Als Ben Affleck im Jahr 2007 mit Gone Baby, Gone zum ersten Mal auf dem Regiestuhl platz nahm, gelang ihm ein Achtungserfolg. An diesen versucht er nun mit The Town – Stadt ohne Gnade anzuschließen – mit dem Unterschied, dass er nicht nur hinter der Kamera, sondern auch vor der Kamera mitwirkt.
Im Bostoner Stadtteil Charlestown werden jährlich 300 Banküberfälle begangen. Doug (Ben Affleck), der eigentlich von einem ehrlichen Leben träumt, ist der Kopf einer Gruppe von Bankräubern, doch bei ihrem letzten Job ging etwas schief, die Bankangestellte Claire (Rebecca Hall), die sie als Geisel genommen haben, könnte ihre Identität offenlegen. Während sie den nächsten Raub planen, soll Doug herausfinden, was sie weiß. Eine Beziehung bahnt sich an. Während das FBI fieberhaft nach ihm sucht, muss Doug sich für eines der beiden Leben entscheiden.

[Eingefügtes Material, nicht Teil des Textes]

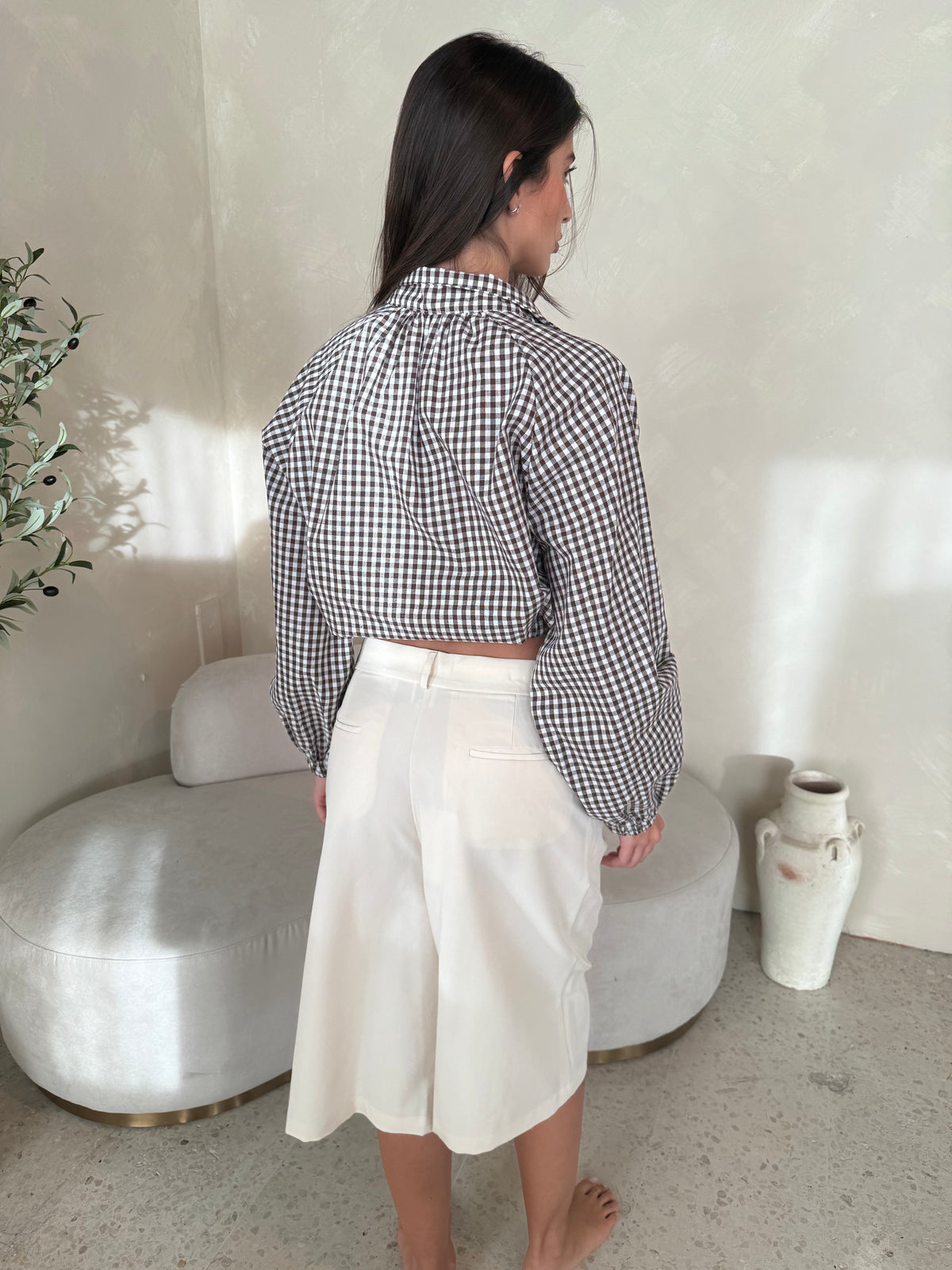 Low Rise Trousers
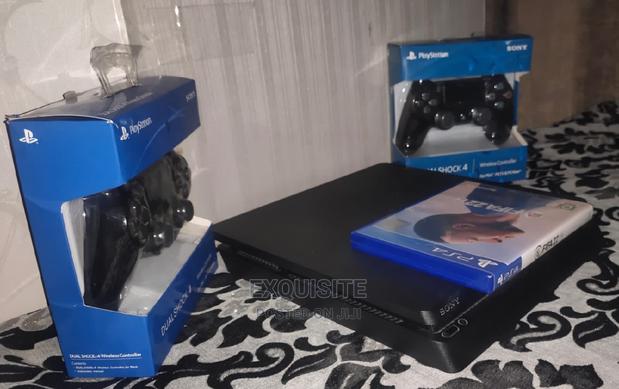 Playstation 4 Slim Console (PS4) - thumbnail 3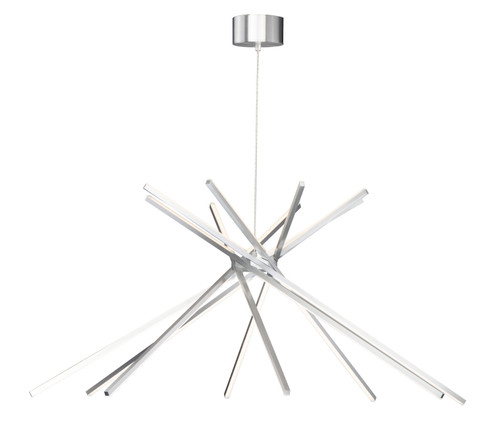 Alumilux Aster LED Pendant in Satin Aluminum (86|E41446SA)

Ostküstenganoven gab es in letzter Zeit im Kino zuhauf zu sehen. Ob nun in The Departed oder Das Gesetz der Straße – Brooklyn’s Finest wurde versucht, das eigentümliche Milieu abzubilden, das in der Halbwelt zwischen Vorstadt und Untergrund zu finden ist. The Town versucht sich zwar in dieser Milieuskizzierung, welche allein schon durch den Titel versprochen wird, bietet aber nicht mehr als eine Handvoll Verweise. Vielmehr konzentrieren sich Ben Afflecks Drehbuch und seine Inszenierung auf die Action. Charakterzeichnung und persönliche Beziehungen dienen lediglich der Steigerung der Dramatik und haben keinen Eigenwert. Auch den zarten Banden zwischen Doug und Claire, die mit großer Mühe in langatmigen Dialogen geknüpft werden, wird nach einiger Zeit kaum mehr Aufmerksamkeit geschenkt. So bleibt The Town irgendwo zwischen Liebesdrama und sozialkritischer Milieustudie stecken.

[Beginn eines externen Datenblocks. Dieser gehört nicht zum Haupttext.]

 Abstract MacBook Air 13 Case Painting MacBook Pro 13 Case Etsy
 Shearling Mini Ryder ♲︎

The Town ist also nur wirklich gut in den actionbetonten Passagen. Unübersehbar sind hier die Anlehnungen an Heat, besonders bei den zahlreichen Übefällen mit anschließender Flucht wird dies überdeutlich. Dougs Gegenspieler stehen im Gegensatz zu vielen anderen Thrillern klar auf der richtigen moralischen Seite und zeigen in ihrer Anlage keine Ambivalenz. Gerade FBI-Detective Adam Frawley (Jon Hamm) wird als rechtschaffender Hüter des Gesetzes mit absolut weißer Weste in Szene gesetzt – eine Entscheidung, die seiner Figur aber auch die Tiefe nimmt. Sieht man sich die Besetzungsliste an, bemerkt man, dass das Produktionsteam eine gute Wahl getroffen hat. Bis in die kleinste Nebenrolle ist The Town ungewöhnlich gut besetzt. Neben John Hamm, der mit der Serie Mad Men bereits sein Ausnahmetalent unter Beweis gestellt hat, ist auch Jeremy Renner eine filmische Ausnahmeerscheinung. Ironischerweise ist gerade Ben Affleck der Schwachpunkt seines eigenen Films und wandert 120 Minuten mit Schlafzimmerblick und regungsloser Miene umher.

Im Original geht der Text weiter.